自覚できていない細かい問題を発見できる!

 初めて超ゆっくり素振りをすると『自分はどこから動くのか? 何を意識することが正しいのか?』という疑問が細かい場面で生まれてきます。今まで、何気なくスイング、素振りしていた自分に気付きます。

 今回は場面ごとのチェックポイント、形、意識等の仮説を示します。あなたも10〜30秒かける超ゆっくり素振りを実践して、自覚できていない細かい問題をじっくり探してみましょう。

 実はこのチェックポイント、毎年変化します。超ゆっくり素振りを実践して、そして勉強するからです。このように言葉にするのはもう10回目になります。

①始動:前傾・肩/腕の三角形・手首の角度を維持したまま、両肩の右への縦回転で始動します。そのとき、両膝(特に右膝)は動かさず、腕には力を入れません。肩が回転するのみです。腕は上げるのではなく、肩の縦回転につられて動いてしまう感覚です。

 この感覚はヘッドの動きで確認できます。肩回転のみで腕に力が入っていないと、シャフトが先に動き、ヘッドが遅れて動き始めます。このとき、フェイス面は閉じようとします。クラブの重心位置がシャフトの延長線ではなく、フェイス面上にあるからです。

②ビジネスゾーンへ:前傾・三角形を維持したまま肩が回り、シャフトが地面と平行、飛球方向と一直線になります。このとき、フェイスはまで閉じ気味です。腕もまだ力が入っていません。回転のために力が入っているのは肩だけ、下半身を安定させるため腹筋、膝、足親指の付け根にも力が入っています。アドレスで作られた手首の角度は維持されています。

③トップへ:前傾が維持されたまま、左肩が縦回転し、顎の下にきます。この先は腕に力を入れないと回転を維持できません。左腕は伸びたまま上がっていきますが、右腕は折りたたまれ、右肘は締まってきます。また、左肩の回転とともに右腰が横回転します。ここがトップです。右膝は動いていません。ビジネスゾーンで出来上がった左手首の角度も維持されています。トップでのシャフトの状態は体の柔軟性・筋力で異なります。無理したトップはつくりません。

④切り返し:ここではベン・ホーガン先生の『バックスイングで既に切り返しは始まっている』の言葉を強く意識しています。

 これ以上、肩、腕が回らないと思った瞬間、腰の左横への小さいスライドが始まります。腰が動くことで腕が落ちてきます。このスライドは「頭は残っているが、体重が右足親指の付け根から左足親指の付け根に移動する感覚」です。「腕は落ちようとするが、手首・クラブは残っている感覚」ともいえます。腕は落ちようとするが手首は残ろうとするため、あたかも両手の親指の付け根に棒が当たったかのようになり、反動で手首が親指側に折れ、自然とコックが発生してしまいます。するとクラブは寝てヘッドが残され、なかなか落ちてこない感覚になりです(いわゆる「タメ」です)。腕で振ろうとするとこの感覚を感じることはできません。

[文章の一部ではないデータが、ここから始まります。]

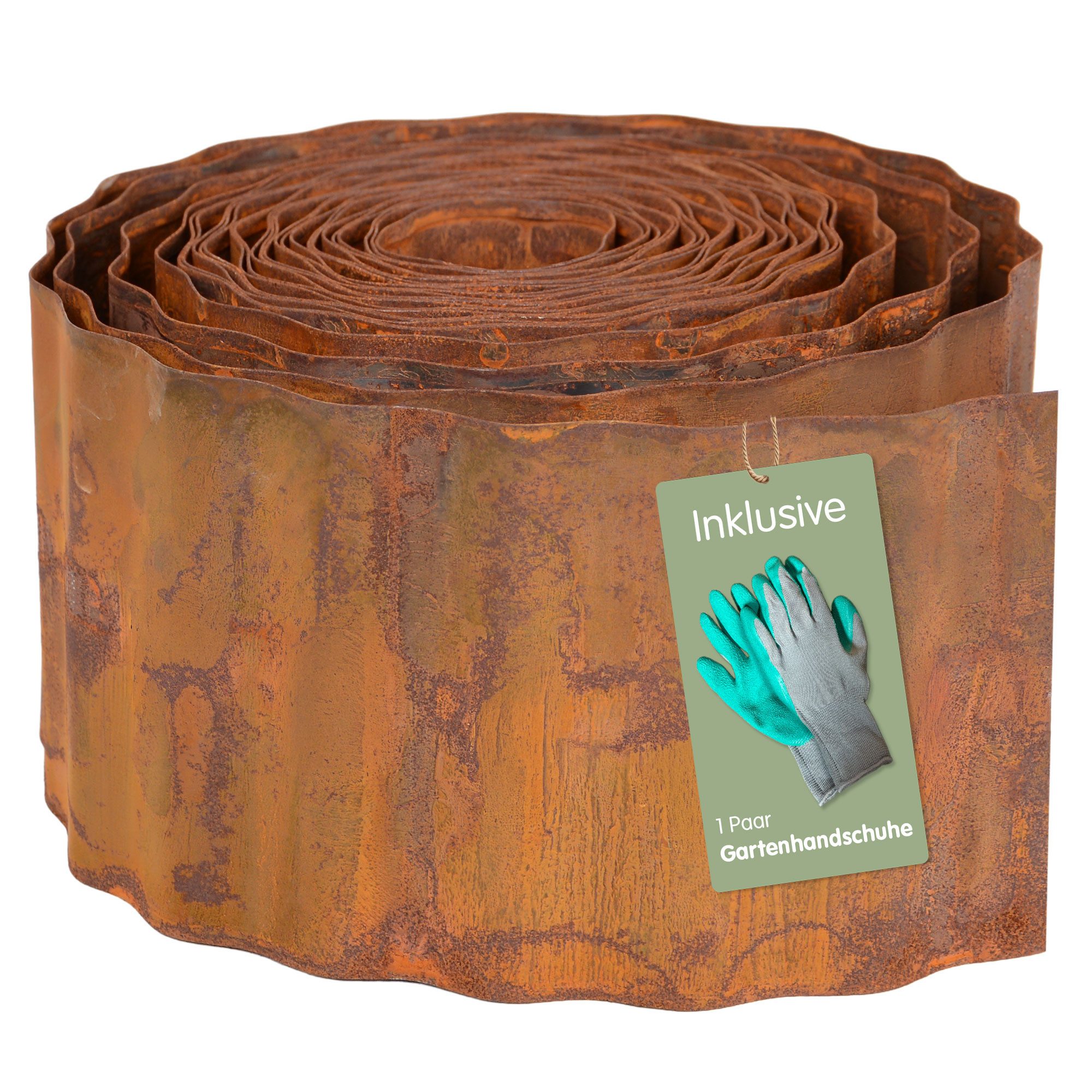 UNUS GARDEN Rasenkante UNUS Rasenkante aus welligem Cortenstahl in verschiedenen Größen, Rasenkante aus Cortenstahl 10 m x 14 cm flexible Beetumrandung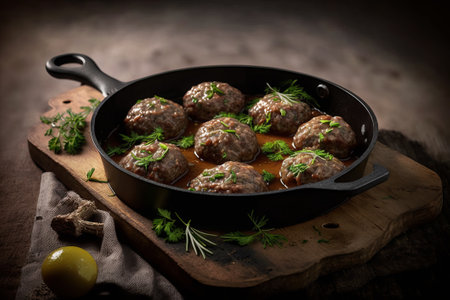Meatballs with tomato sauce in a frying pan on a wooden tableの素材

 この結果、バックスイングで作られたヘッドの円軌道より、切り返し後のヘッドの円軌道は内側で小さいものとなります。

⑤インパクトへ:腰のスライド、右腰の押し込みはありますが、べた足の感覚です。落ちてきた腕/手首が右腰を通過する辺りで、手首の返しが始まります。ここで「我慢の解放」です。この返しは右手首は親指側に押し込む感覚、左手首は角度維持をしたいため、左腕前腕を外側にターンする感覚で、実はほとんど手首は返っていないのです。

 この結果、ハンドファースト、ダウンブローとなります。腕/手首が右腰/右肩を追い越し、インパクを迎えた後、両腕が真っすぐ、低く伸びる感覚です。この両腕が伸びる感覚がないと左手首が外側に折れ、弱々しいインパクトとなってしまいます。

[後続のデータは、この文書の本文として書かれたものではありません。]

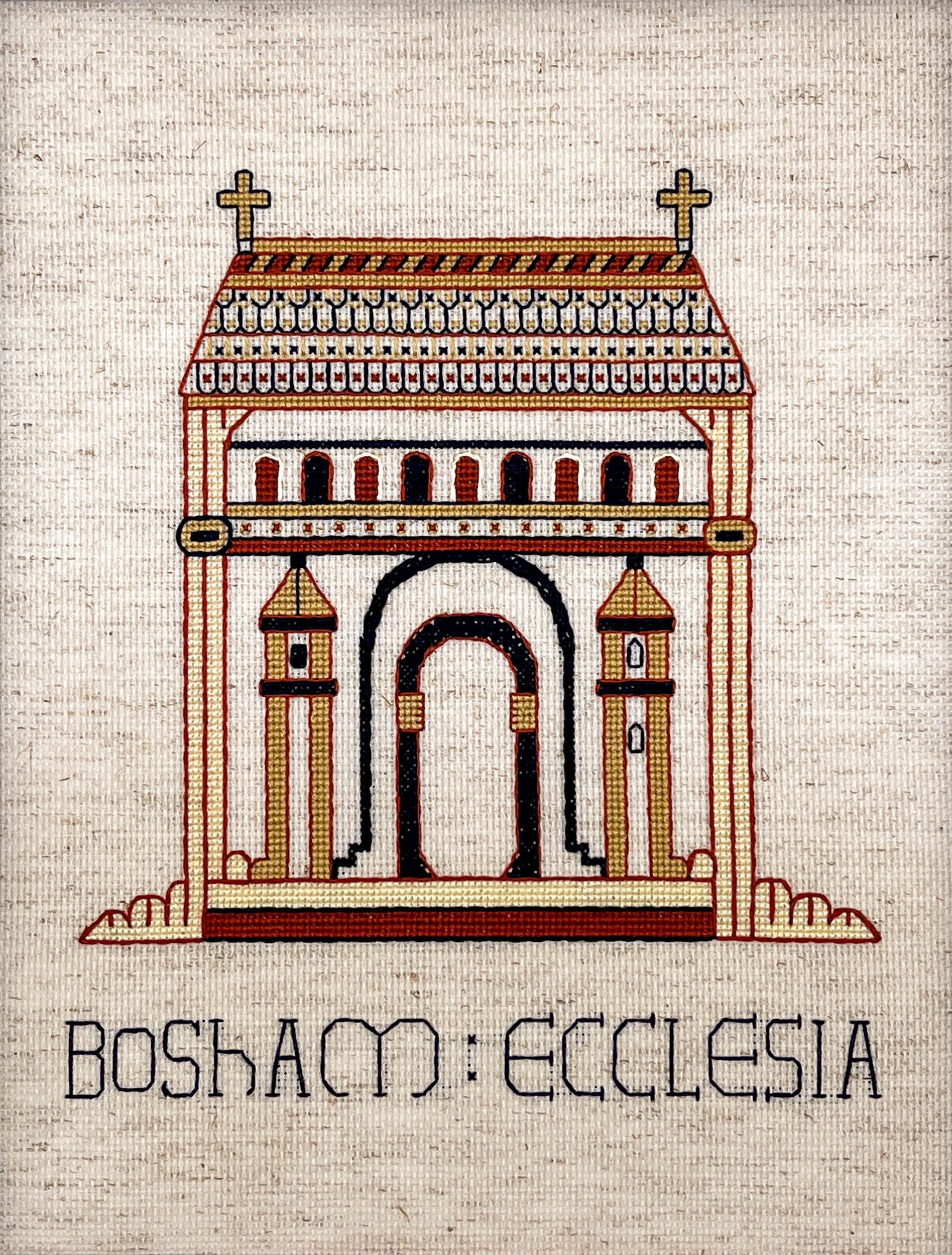 Three Churches of the Bayeux Tapestry Cross Stitch Pattern | PDF Instant Download | For Lovers of Medieval History & European Religious Art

⑥フォロー:右肩が縦回転して右顎の下付近まできます。フォローの始まりです。前傾を維持するため、飛球方向を右目で、下からなめるように見ます。両腕が真っすぐ伸びる感覚は維持します。この辺りで右足が上がり、腰の回転が始まり、自然と左肘のたたみが始まります。この腰の回転が早過ぎるとスライス、遅過ぎるとヒッカケになります。

 スライスする理由はフェイスが開き過ぎること。ヒッカケになる理由は腰の回転開始が遅いと左肘の居場所がなくなり、左脇を開けざるを得なくなるからで(いわゆる「腹切り」です)、肩が横回転をしてしまいます。ずっと左手首の角度は維持していたいのです。

 このチェックは普段の素振りではできません。超ゆっくり素振りだからできることです。アマチュアのハンデの数はその人が解消しなければならない問題の数ともいえ、いつも私はその半分はこのチェックで見つかります。

 皆さんも、自分の言葉でそれぞれの場面でのスイングのあるべき姿を作ることをお勧めします。そして、毎年見直しすることも提案します。